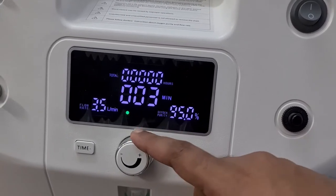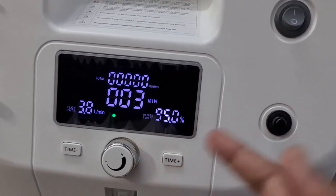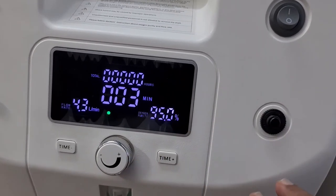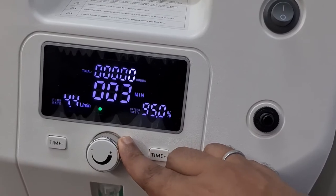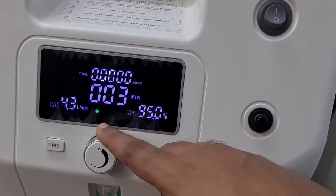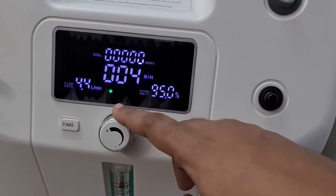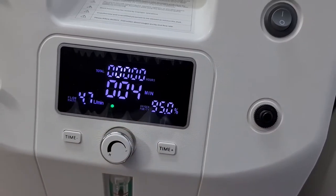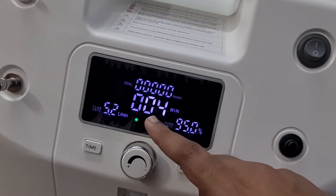If you are going to keep the output at 8 or 7, then adjust the flow rates accordingly — you can keep both machines at 4, or one at 5 and the other at 3. To take the output at 10, I would keep both machines at 5. Both machines are now at the desired flow rate.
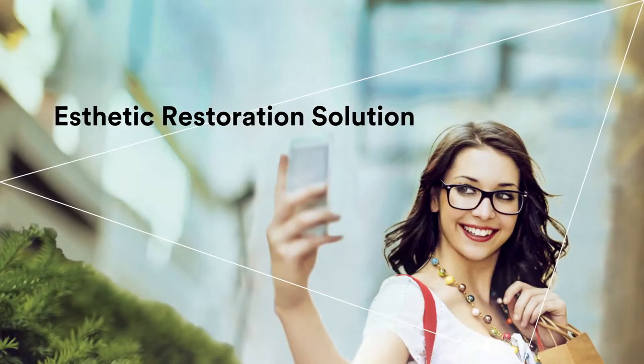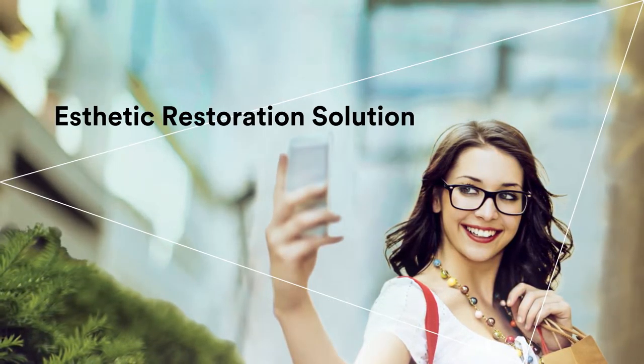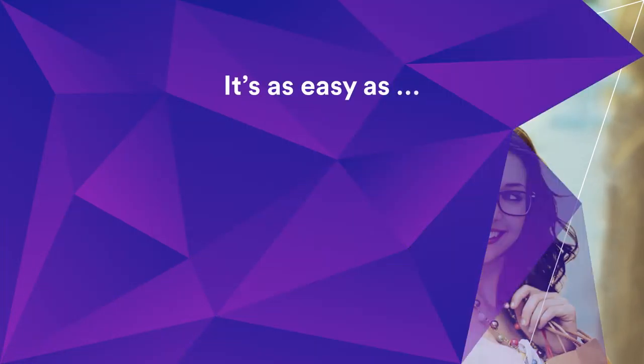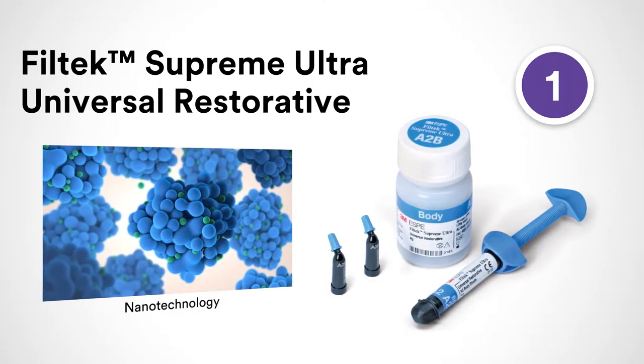There are things in life worth sharing, and now her smile can be one of them. The aesthetic restoration solution from 3M is designed to help you elevate the beauty of your aesthetic restorations with simplicity. It's as easy as one, two, three to create gorgeous, natural-looking restorations.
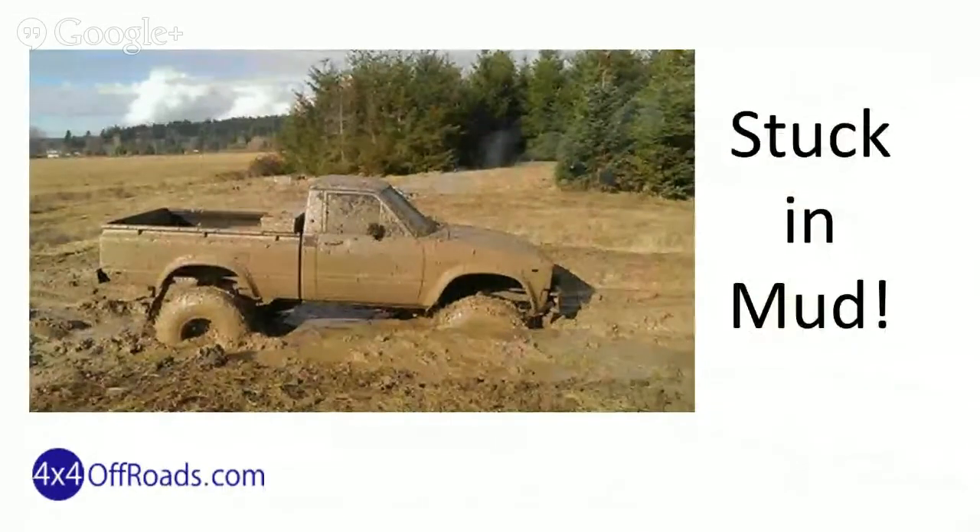Stuck in mud. Well, for no particular reason, I just had to share this cool, indestructible Toyota Hilux, 80 or 82 model or so.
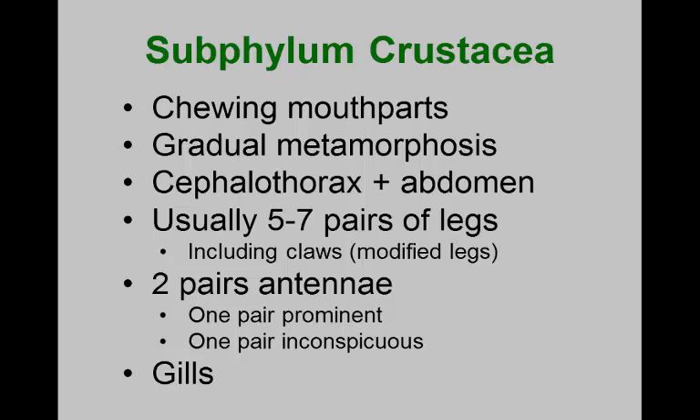All crustaceans are aquatic — but wait, sow bugs and pill bugs are terrestrial. They carry water around in them because at the bases of their legs they have fleshy gill extensions for respiration. On land they must live in moist habitats. Land crabs also must return to water to lay eggs, and they maintain a moist gill chamber to keep those gills functional when out of the water.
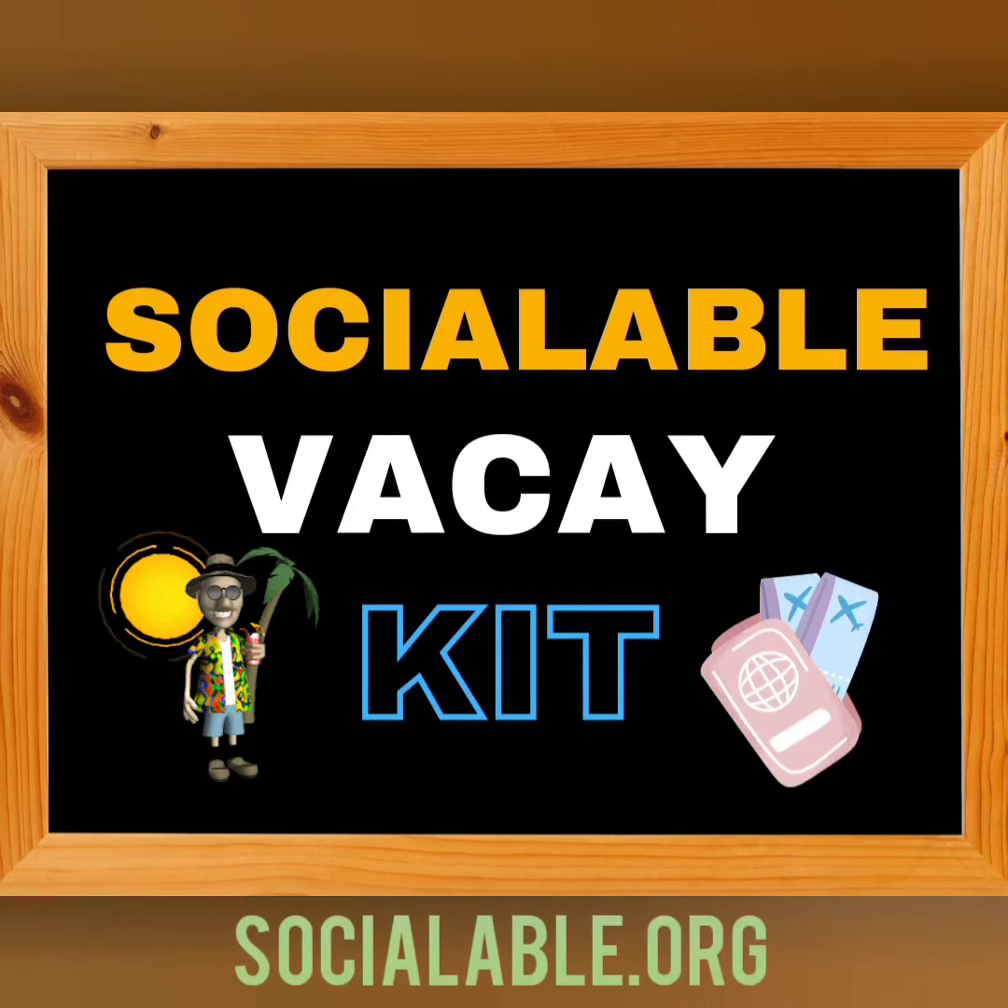It's a short video for me. What up guys? It's me, Anjipal — Miss Sociable herself. And I would like to introduce to you the Sociable Vacay Kids.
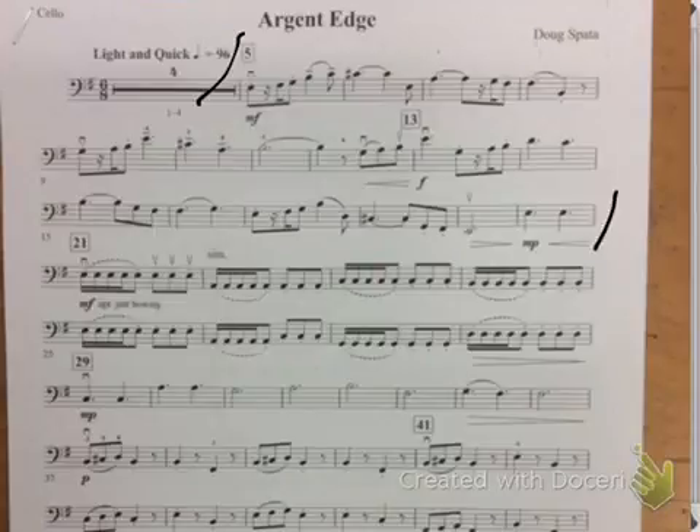Okay, and then this next section at 21 — I want to move the metronome up to close to concert tempo so you can practice your ricochet. So it'll go like this.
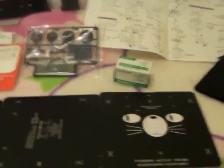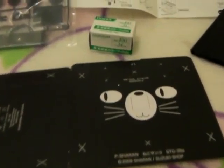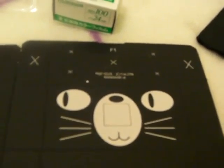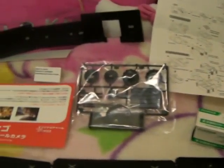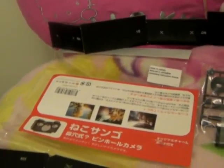Hello! So I was tidying up the other day and I completely forgot that I had this pinhole camera. I got it because I thought the cat face was really lovely, and the fact that you can get this little bag to put it in as well. You also get a film and these bits and some other bits, and the finished product should look like this.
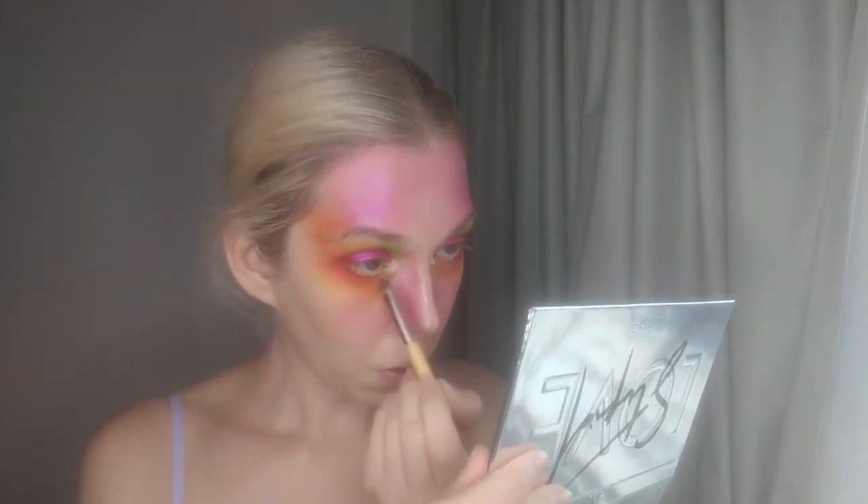Now I am going in with Double Down Cosmetics The Fortune Highlighter from their Ancestral Collection Volume 1. I realized that I put too much — a little goes a long way with a loose highlighter. But it was fun; I mean this look was already a lot. And then I'm also placing that highlight color in the inner corner of my eyes.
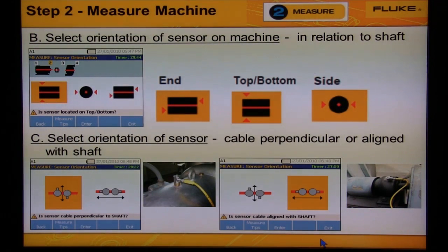The first screen is to select the location of the sensor. The next two screens are: first, to select the orientation of the machine — using the dial to select either the end of the machine, the top or bottom, or the side; and second, to select the direction of the cable coming out of the sensor, whether the cable is coming out perpendicular to the shaft or in line with the shaft. These three screens help the device know which direction the three sensors in the triaxial are measuring the three planes of machine movement.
##############################
■ TASK BRIEF ■
If an entry contains a picture, leave it out and repeat the rest exactly.

■ ANSWER ■
If you are going to keep the output at 8 or 7, then adjust the flow rates accordingly — you can keep both machines at 4, or one at 5 and the other at 3. To take the output at 10, I would keep both machines at 5. Both machines are now at the desired flow rate.
There are things in life worth sharing, and now her smile can be one of them. The aesthetic restoration solution from 3M is designed to help you elevate the beauty of your aesthetic restorations with simplicity. It's as easy as one, two, three to create gorgeous, natural-looking restorations.
Stuck in mud. Well, for no particular reason, I just had to share this cool, indestructible Toyota Hilux, 80 or 82 model or so.
All crustaceans are aquatic — but wait, sow bugs and pill bugs are terrestrial. They carry water around in them because at the bases of their legs they have fleshy gill extensions for respiration. On land they must live in moist habitats. Land crabs also must return to water to lay eggs, and they maintain a moist gill chamber to keep those gills functional when out of the water.
It's a short video for me. What up guys? It's me, Anjipal — Miss Sociable herself. And I would like to introduce to you the Sociable Vacay Kids.
Okay, and then this next section at 21 — I want to move the metronome up to close to concert tempo so you can practice your ricochet. So it'll go like this.
Hello! So I was tidying up the other day and I completely forgot that I had this pinhole camera. I got it because I thought the cat face was really lovely, and the fact that you can get this little bag to put it in as well. You also get a film and these bits and some other bits, and the finished product should look like this.
Now I am going in with Double Down Cosmetics The Fortune Highlighter from their Ancestral Collection Volume 1. I realized that I put too much — a little goes a long way with a loose highlighter. But it was fun; I mean this look was already a lot. And then I'm also placing that highlight color in the inner corner of my eyes.
The first screen is to select the location of the sensor. The next two screens are: first, to select the orientation of the machine — using the dial to select either the end of the machine, the top or bottom, or the side; and second, to select the direction of the cable coming out of the sensor, whether the cable is coming out perpendicular to the shaft or in line with the shaft. These three screens help the device know which direction the three sensors in the triaxial are measuring the three planes of machine movement.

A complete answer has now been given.